The TyG index originated from fasting plasma glucose and TG, which are key metabolic variables for fatty liver. Meanwhile, the TyG index plays an important role in the development of NAFLD as a surrogate IR marker. Some research indicated that the TyG index is related to metabolic diseases such as diabetes and metabolic syndrome [26, 27]. And the TyG index is a  strongly correlated relationship with the amount of hepatic fat and is a good indicator of hepatic insulin resistance [14]. Recently, the TyG index was applied to identify NAFLD. Rivière, B. et al., found that there was an independent association between the TyG index and NAFLD (OR: 2.0; 95% CI 1.1–3.7) in obese patients [28]. In this study, we found that the TyG index is associated with NAFLD and has a higher AUC of 0.735 to predict NAFLD.

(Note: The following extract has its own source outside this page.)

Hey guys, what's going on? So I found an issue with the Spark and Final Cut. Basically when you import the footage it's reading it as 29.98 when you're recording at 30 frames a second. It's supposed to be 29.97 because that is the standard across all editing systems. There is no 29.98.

Comparisons with previous studies

Studies show that there is a remarkable TyG index association with NAFLD among the common population. A cross-sectional study conducted in China, which enrolled 10,761 participants. Subjects in  quartile 4 of the TyG index were more likely to have NAFLD than those in quartile 1, (OR: 6.3; 95% CI 5.3–7.5) after adjustment for age, sex, BMI, SBP, UA, white blood cell count, and ALT quartiles. TyG had an AUC of 0.782 with an optimal cut-off of 8.5. [14]. In a study in which 17,577 subjects were included, Song et al. found that, The OR (95% CI) was 8.656 (7.633-9.817) for NAFLD in quartile 4 of the TyG index compared with participants in quartile 1. TyG had an AUC of 0.773 [15]. A study reported a significant TyG-index association with  NAFLD  among youth. The study had 225 participants aged 10–19 years; subjects in tertile 3 of the TyG index have a higher risk of NAFLD than those in tertile 1  (OR: 8.513; 95% CI 2.424–29.896). TyG had an AUC of 0.761 [25]. Our findings aligned harmoniously with prior investigations, compared to the patients in the lowest tertiles of the TyG index, the OR (95% CI) for NAFLD was 4.15 (2.28, 7.53) in the highest. TyG had an AUC of 0. 735 with an optimal cut-off of 8.6.

Underlying mechanism

The TyG index is a reliable alternative indicator for IR [29]. The underlying mechanisms of the TyG index relationship with NAFLD could be related to IR. There is a close relationship between IR and NAFLD [12]. First, IR impaired the insulin-sensitive and glucose metabolism of tissue, which caused damage to many organ functions, including the liver and heart [30]. Second, IR has associations with chronic inflammation, which may lead to NAFLD and AF [31, 32]. Last, IR induces oxidative stress to promote stellate cell proliferation and inflammatory liver macrophage activation to cause NAFLD [33].

Clinical practices

At present, some studies give evidence that a remarkable association between NAFLD and AF [7, 34]. Thus, early  diagnosis of NAFLD may ameliorate the prognosis of AF. This study indicated that the TyG index was positively associated with NAFLD patients with AF, after additional adjustment for age, gender, AF type, dyslipidemia, diabetes, BMI, eGFR, AST, ALT, HDL-C, UA, hypertension, and smoking. In our study, as an IR indicator, the TyG index should be used to highlight the key role of IR in NAFLD in AF patients. Then, the study tried to provide a new method to identification NAFLD in AF patients.

Limitations

This study has some limitations. First, this was a cross-sectional study and no statements about causality are made. Second, our study had small samples and was single center, which may cause bias. Although we adjusted for confounders in the multivariate analysis, the potential confounders were not completely eliminated. Third, Diagnosis of NAFLD was made by ultrasonography rather than liver biopsy, the gold standard technique for detecting fatty liver. Finally, in this study, we only included AF patients. Therefore, the findings suitable population is limited. Moreover, studies of a large and diverse population should be conducted to further verify. To our knowledge, this is the first study to investigate the association between the TyG index and NAFLD patients with  AF.

Conclusion

Our findings indicated the TyG index has a significant association with  NAFLD in AF patients. The TyG index may be a good marker for predicting NAFLD in AF patients.